Avec toute l’Eglise, en ce jour, nous célébrons l’institution de l’Eucharistie par Jésus. La veille de sa mort il donne son Corps en nourriture. Il donne à son Eglise la mission de refaire ce geste par le ministère des prêtres dont c’est la fête aujourd’hui. Enfin il appelle ses disciples à la charité fraternelle.

 

Mais d’abord, lorsque nous accueillons la première lecture nous voyons que tout commence par une expérience de délivrance : « Ce sera pour vous le commencement » dit Dieu à Moïse. Vous ferez mémoire de ce jour. C’est la Pâques. Le passage de l’esclavage à la liberté. Ce jour permet au peuple de renouer avec l’Alliance. La joie de la délivrance  éclaire cette fête du Jeudi-Saint. Le sang d’un agneau immolé accompagne ce passage, rend visible la libération : « D’âge en âge vous le fêterez ».

 

Nous avons bien entendu le témoignage de l’apôtre Paul. Il a reçu lui-même de l’Eglise les paroles de Jésus la veille de sa mort : « cette coupe est la nouvelle Alliance en mon sang. » C’est toujours pour un passage, une délivrance que son sang nous accompagne. Passage, entrée dans la vie avec le Christ. Non plus passage de l’esclavage à la liberté mais passage de l’infidélité à l’Alliance, à la vie du Royaume déjà présent : « quand vous mangez ce pain, quand vous buvez à cette coupe vous proclamez la mort du Seigneur jusqu’à ce qu’il vienne. » C’est la communion à la vie du Christ, mort est ressuscité.

 

Cette communion au Corps du Christ n’est pas possible aujourd’hui. Pour beaucoup, vous ne pouvez pas recevoir en nourriture ce Corps livré pour nous par amour. Quand nous communions d’habitude c’est bien le Christ vivant que nous recevons, Celui qui ne cesse d’aimer les siens. Ce que nous recevons d’habitude c’est sa vie, c’est son mouvement d’amour. Dans la célébration de l’Eucharistie, c’est Jésus qui nous prend par la main pour nous conduire à son Père. C’est ce mouvement-là qui est important. Si nous ne pouvons pas réellement communier au Corps du Christ nous pouvons à tout moment nous associer de tout cœur à l’amour que le Christ offre à son Père.
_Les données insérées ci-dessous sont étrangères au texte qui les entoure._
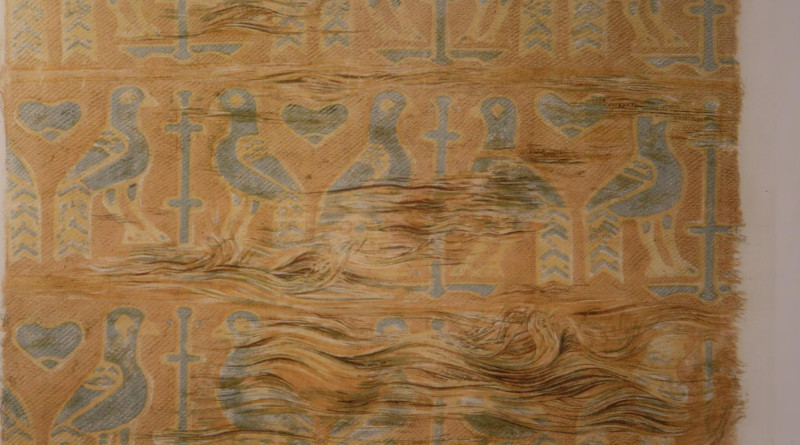 The motive is birds, probably peacocks, flanking a stylized tree or cross. It consists of several silk pieces sewn together. One piece, 30x40 cm, covers the front of the pillow and about a third of the back, while the rest consists of strips about 5 cm wide, cut off without regard to the pattern. The colors are golden and two light blue shades. CREDIT: © Nationalmuseet / The National Museum of Denmark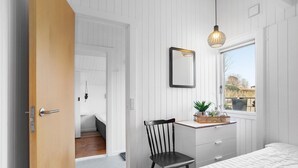 A bedroom with a bed, a desk with a chair, a window with a view, and a hanging light fixture. - 3 bedroom nice home in Hejls (Hejls)
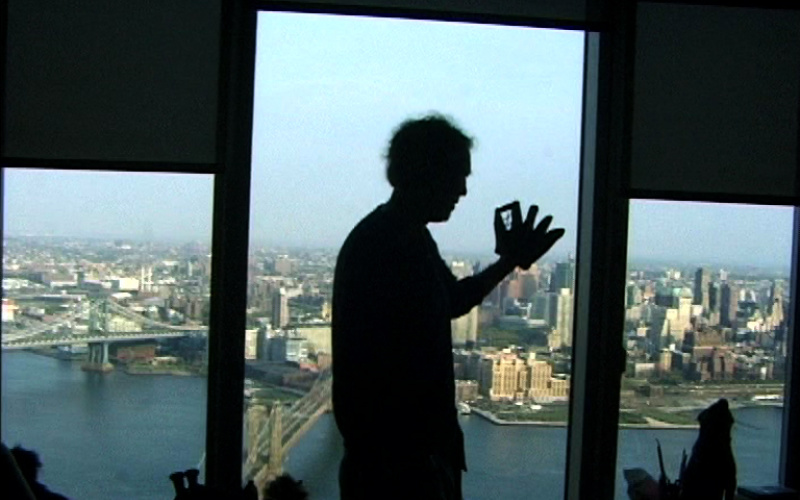 A skyline as a triptych in color. Before that, a man in profile view as a silhouette.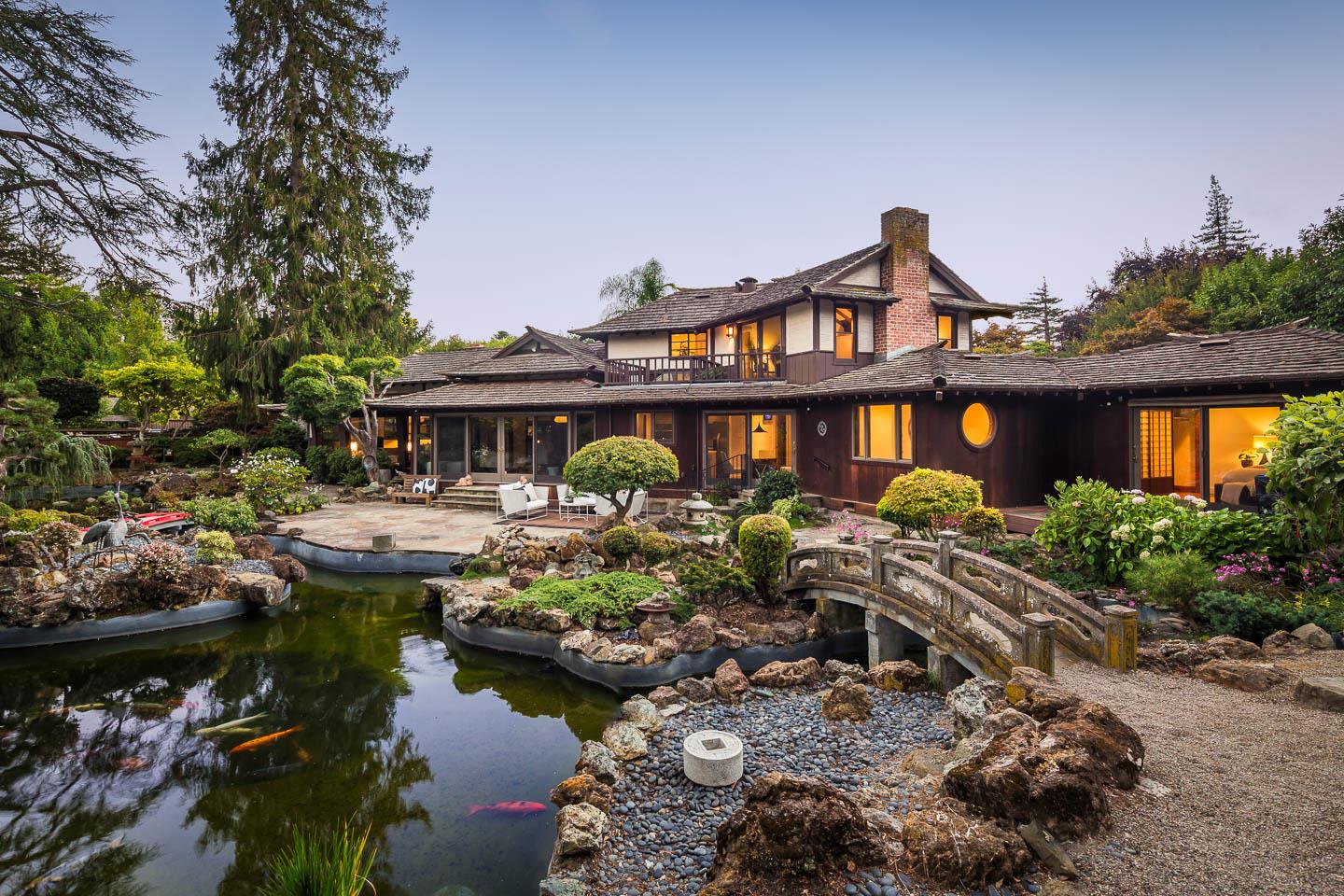 a front view of a house with swimming pool and outdoor seating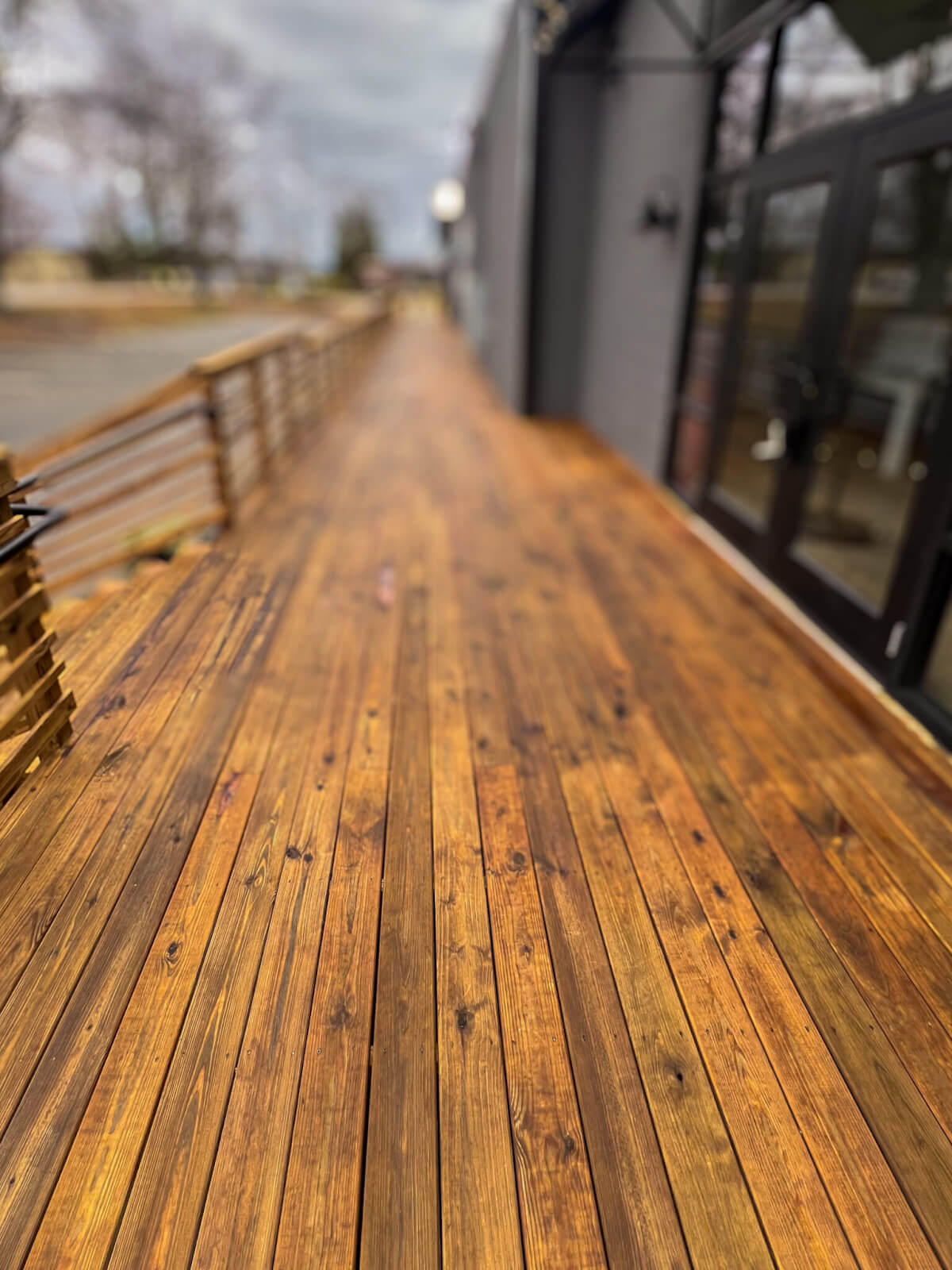 Professional commercial deck pressure washing, staining, and sealing service. High-quality commercial pressure cleaning for wood decks, ensuring long-lasting protection.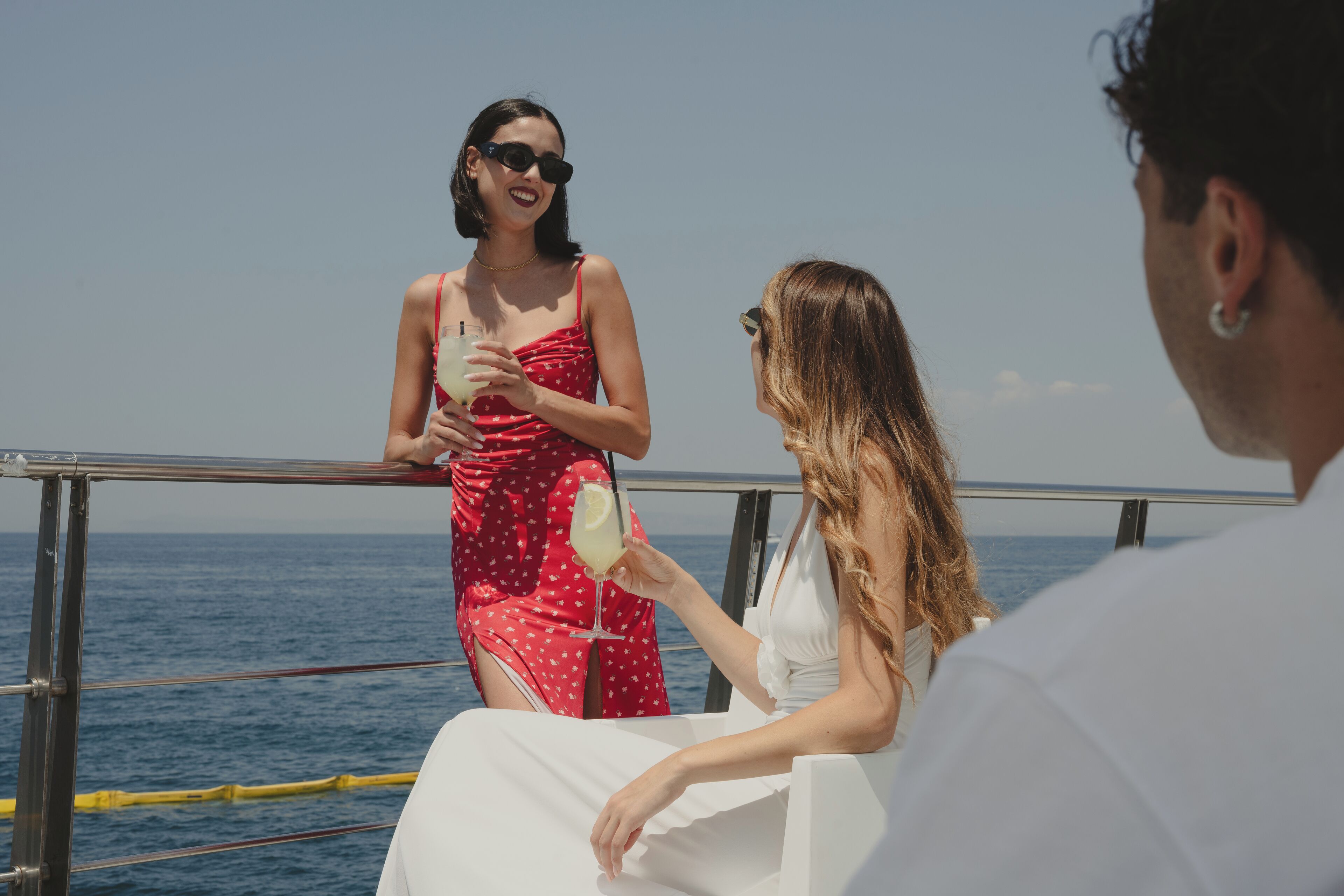 A person in a red polka dot dress holding a drink on a boat with a railing and ocean view.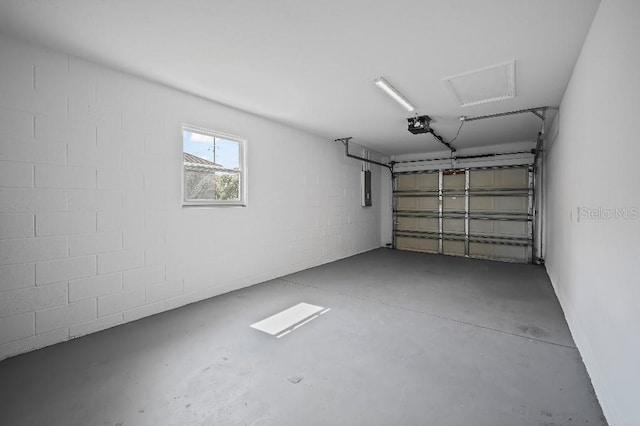 garage with a garage door opener and electric panel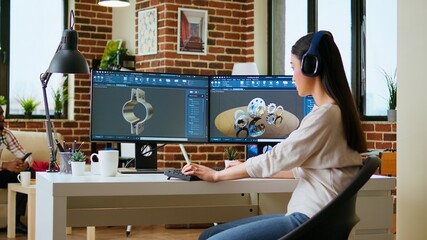Asian professional engineer works on coding industrial designs using advanced software tools. Living room office includes dual monitors and technical equipment for high productivity. Camera A.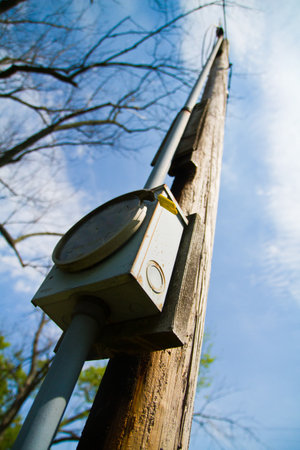 Telephone pole with utility meter reaching towards the skyの写真素材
Nous pouvons, si j’ose dire, nous prendre par la main, dans la prière, avec Jésus, nous présenter à Dieu, notre Père.

 

Il s’agit de lui présenter ce que nous vivons aujourd’hui, lui parler de ceux avec qui nous sommes confinés. En un mot lui offrir notre vie dans la ferveur de notre prière. Faisons-le de tout cœur. C’est bien ce que veut dire le psaume : Dieu ne refuse pas d’écouter un cœur brisé, c’est-à-dire un cœur qui s’ouvre.

 

La veille de sa mort, Jésus a offert ce repas à ses disciples. Dans le récit, l’évangéliste souligne comment Jésus sait ce qu’il fait. Il maîtrise les événements. Ce ne sont pas les disciples qui se sont rassemblés. C’est Jésus qui les a convoqués. Il a l’initiative. Il les rassemble et construit son Eglise. Et il leur dit « vous ferez cela en mémoire de moi. » Le ministère des prêtres consiste, entre autres, à refaire ce qu’a fait Jésus à cet égard. C’est-à-dire convoquer, appeler les disciples à se rassembler car c’est le Christ qui construit son Eglise. Il est toujours à l’initiative. La présidence du prêtre signifie que c’est le Christ qui nous rassemble et fait de nous son peuple.

 

Rappelons que le mot de ministère signifie service. Et l’esprit du ministère est bien illustré par le geste du lavement des pieds. Ce geste de Jésus nous rappelle qu’il a vécu lui-même dans cet esprit tout au long de sa vie terrestre : le fils de l’Homme est venu pour servir et donner sa vie. Il dit lui-même qu’il nous donne l’exemple. Il nous invite à le suivre sur ce chemin. Dans la situation du confinement qui est la nôtre, nous ressentons plus vivement les contraintes qui nous empêchent de nous mettre au service les uns des autres. Du coup il est plus vif, le souvenir de tous ces moments où nous avions la pleine liberté de le faire et ne l’avons pas fait. Ce temps est, peut-être, propice pour nous laisser appeler à mieux concrétiser cet appel du Seigneur. Loin de cultiver la culpabilité, l’exemple de Jésus nous fait comprendre que la condition du chrétien c’est de vivre cette intranquilité évangélique. Que cette parole de Jésus ne cesse pas de nous ouvrir le cœur. Elle nous rendra plus disponibles à nos frères. Et plus inventifs dans la charité avec la grâce de Dieu.